Segment Start: Data records
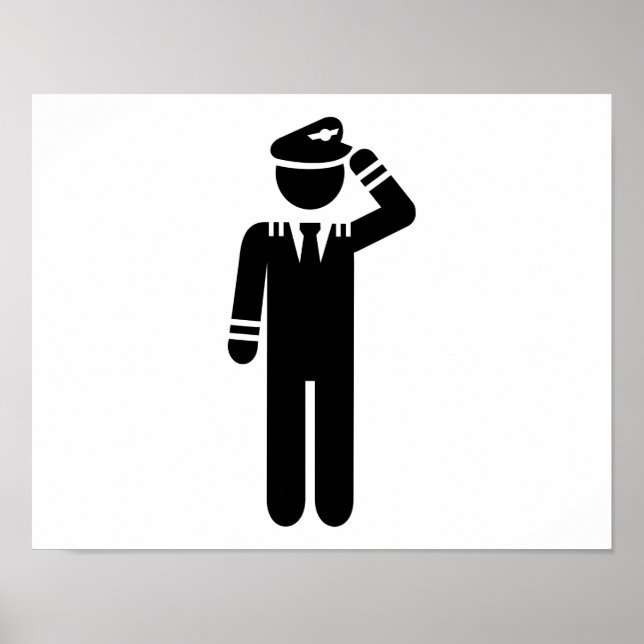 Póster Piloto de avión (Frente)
Segment End: Data records
Segment Start: Data records
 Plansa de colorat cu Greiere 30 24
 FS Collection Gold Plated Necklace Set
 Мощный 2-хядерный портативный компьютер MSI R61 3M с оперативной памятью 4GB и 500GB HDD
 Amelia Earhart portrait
Segment End: Data records
• **What you will do**
Retype, exactly and in full, the lines above from the one containing "Мощный 2-хядерный портативный" through the one containing "Amelia Earhart portrait".

• **Final answer**
 Мощный 2-хядерный портативный компьютер MSI R61 3M с оперативной памятью 4GB и 500GB HDD
 Amelia Earhart portrait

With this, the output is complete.